The Cleveland Browns' hiring of Paul DePodesta continues to prompt chatter around the NFL and Major League Baseball.
DePodesta is a Harvard-educated man of interesting approaches who spent the past 19 years in baseball, most recently with the New York Mets. He's also an analytics guru, which leads to the immediate conclusion that the team's new coach will also have to, at a minimum, buy into analytics.
Which may well mean a young unknown open to new ideas and ways to win.
That could point to a guy like the New England Patriots' Matt Patricia, who rose through the Bill Belichick ranks like so many other of the head coach's assistants.
Patricia left an engineering job to do the most menial of coaching jobs so he could gain a coaching resume. Belichick brought him along to the point that he's now the defensive coordinator.
The Boston Herald wrote in a fascinating profile of Patricia that people "knew that bearded guy with the aeronautical engineering degree from Rensselaer Polytechnic Institute was always the smartest one in the room, and Patricia's plan always had a purpose."
Of all the candidates being interviewed, Patricia seems to make the most sense if the Browns truly are all-in with analytics. He has the youth, the energy and the mind to grasp what it means and how it can help.
The shift to analytics would not be easy for some NFL coaches. They are a big part of baseball but just in their infancy in football.
Analytics is one tool. An in-depth analytics study can give optimum size and speed for successful linebackers, but it can't measure heart.
Analytics might show arm length is not important for defensive linemen, as former Browns CEO Joe Banner said Wednesday on ESPN, but it won't show if a guy ran a wrong route, wrong stunt or called the wrong play.
Belichick said Wednesday he uses analytics as one tool, but "that's really not a big thing with me."
"I'm sure you can go to the Northeastern analytics conference or whatever it is here in summer or the spring and get your fill of it," Belichick said. "I'm sure there's a lot there." He was referring to the MIT Sloan Sports Analytics conference.
"Look, if you're out there coaching every day and to me if you can't see an 80 percent tendency, then what are you looking at?" Belichick said. "Now, is it 51-49, 49-51, I don't know. What are you going to do with that?

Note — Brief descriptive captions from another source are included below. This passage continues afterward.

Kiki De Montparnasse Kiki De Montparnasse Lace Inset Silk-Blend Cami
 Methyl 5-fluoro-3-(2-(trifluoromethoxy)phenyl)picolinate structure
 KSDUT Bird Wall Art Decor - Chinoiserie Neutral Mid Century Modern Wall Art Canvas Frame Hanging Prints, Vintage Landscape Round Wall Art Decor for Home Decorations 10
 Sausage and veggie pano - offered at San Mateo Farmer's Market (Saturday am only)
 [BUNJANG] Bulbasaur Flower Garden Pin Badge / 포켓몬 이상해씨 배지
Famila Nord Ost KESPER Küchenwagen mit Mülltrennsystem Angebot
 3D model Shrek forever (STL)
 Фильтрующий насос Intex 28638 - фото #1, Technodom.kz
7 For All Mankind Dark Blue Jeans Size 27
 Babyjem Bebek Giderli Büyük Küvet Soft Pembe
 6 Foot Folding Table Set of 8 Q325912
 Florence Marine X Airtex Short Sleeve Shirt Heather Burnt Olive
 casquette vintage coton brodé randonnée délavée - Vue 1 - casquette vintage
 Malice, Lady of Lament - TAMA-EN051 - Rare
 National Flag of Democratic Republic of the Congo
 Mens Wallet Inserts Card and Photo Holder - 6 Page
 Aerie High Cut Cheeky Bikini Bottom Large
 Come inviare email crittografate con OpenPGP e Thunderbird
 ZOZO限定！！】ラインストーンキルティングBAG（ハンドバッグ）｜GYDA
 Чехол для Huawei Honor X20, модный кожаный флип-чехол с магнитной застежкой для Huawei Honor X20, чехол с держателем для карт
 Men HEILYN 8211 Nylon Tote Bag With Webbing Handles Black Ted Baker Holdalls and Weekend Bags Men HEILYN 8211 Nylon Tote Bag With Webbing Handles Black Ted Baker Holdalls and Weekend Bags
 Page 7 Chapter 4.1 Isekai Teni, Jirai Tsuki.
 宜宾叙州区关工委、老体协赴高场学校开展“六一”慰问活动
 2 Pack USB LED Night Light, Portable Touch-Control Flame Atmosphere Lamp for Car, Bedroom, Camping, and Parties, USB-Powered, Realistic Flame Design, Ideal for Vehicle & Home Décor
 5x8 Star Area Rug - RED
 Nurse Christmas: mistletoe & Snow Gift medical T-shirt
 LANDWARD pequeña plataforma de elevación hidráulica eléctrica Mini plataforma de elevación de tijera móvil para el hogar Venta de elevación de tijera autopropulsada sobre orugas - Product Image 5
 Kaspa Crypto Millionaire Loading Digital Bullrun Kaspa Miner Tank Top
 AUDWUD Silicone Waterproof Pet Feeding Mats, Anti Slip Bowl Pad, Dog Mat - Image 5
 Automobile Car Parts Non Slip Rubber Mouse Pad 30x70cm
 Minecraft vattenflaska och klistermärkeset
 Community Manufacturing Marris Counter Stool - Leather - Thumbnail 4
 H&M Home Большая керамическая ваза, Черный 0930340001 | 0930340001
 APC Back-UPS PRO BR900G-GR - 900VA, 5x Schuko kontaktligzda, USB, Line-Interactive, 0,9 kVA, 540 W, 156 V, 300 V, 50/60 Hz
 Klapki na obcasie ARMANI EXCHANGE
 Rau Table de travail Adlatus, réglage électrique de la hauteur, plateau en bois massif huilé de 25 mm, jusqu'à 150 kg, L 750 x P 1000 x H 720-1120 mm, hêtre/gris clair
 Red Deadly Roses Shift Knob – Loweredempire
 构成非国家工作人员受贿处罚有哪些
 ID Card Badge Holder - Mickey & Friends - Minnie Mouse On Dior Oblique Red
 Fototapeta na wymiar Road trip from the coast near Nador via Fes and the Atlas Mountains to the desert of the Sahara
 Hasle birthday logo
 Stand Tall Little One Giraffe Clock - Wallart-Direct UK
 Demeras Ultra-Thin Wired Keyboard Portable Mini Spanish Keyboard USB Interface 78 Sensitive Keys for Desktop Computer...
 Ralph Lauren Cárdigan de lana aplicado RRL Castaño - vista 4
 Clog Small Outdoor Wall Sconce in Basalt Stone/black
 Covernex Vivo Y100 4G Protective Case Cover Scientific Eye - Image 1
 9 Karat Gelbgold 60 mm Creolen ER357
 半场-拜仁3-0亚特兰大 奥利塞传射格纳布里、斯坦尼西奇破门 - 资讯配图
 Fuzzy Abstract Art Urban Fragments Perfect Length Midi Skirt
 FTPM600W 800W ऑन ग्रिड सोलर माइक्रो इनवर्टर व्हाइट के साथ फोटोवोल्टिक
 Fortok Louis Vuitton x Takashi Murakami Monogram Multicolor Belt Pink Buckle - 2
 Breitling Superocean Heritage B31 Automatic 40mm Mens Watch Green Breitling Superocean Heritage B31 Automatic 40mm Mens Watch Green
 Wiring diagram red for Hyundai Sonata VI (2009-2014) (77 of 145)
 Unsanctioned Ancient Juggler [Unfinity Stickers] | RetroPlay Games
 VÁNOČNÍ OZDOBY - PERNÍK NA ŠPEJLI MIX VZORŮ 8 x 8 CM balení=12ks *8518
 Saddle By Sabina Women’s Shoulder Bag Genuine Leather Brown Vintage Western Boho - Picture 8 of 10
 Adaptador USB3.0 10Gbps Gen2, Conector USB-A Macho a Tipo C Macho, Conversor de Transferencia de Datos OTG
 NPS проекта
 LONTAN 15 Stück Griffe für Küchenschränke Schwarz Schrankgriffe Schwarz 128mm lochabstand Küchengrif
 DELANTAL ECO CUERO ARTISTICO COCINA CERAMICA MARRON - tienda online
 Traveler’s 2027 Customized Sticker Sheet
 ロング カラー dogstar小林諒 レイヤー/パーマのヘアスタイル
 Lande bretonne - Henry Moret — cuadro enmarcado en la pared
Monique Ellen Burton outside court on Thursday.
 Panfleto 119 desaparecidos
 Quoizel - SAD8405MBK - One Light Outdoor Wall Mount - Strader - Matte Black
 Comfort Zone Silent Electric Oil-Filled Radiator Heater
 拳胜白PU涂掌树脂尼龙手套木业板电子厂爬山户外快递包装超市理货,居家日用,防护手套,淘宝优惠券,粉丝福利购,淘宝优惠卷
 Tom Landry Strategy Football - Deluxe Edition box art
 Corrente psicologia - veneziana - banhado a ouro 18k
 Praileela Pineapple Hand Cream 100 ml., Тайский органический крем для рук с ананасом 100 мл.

You want to bet on 51, you want to bet on 49 or bet on 55 or 45? At that point, what's the difference?"
The thinking about analytics, though, is that if the study is at a 55-45 difference (or less), then analytics and a more detailed study of numbers may help with a decision to provide an advantage.
DePodesta wasn't hired solely for analytics. He was hired by Jimmy Haslam to make the Browns a better organization.
On the surface, it sounds like another 'That's So Browns' move, but those who have been around DePodesta rave about his work and his character, as this story on him in SI.com illustrates.
In the NFL analytics is one piece of the puzzle. The Browns can say they have one of the better guys in sports in that role.
How that affects the hiring of a coach will be most fascinating to watch.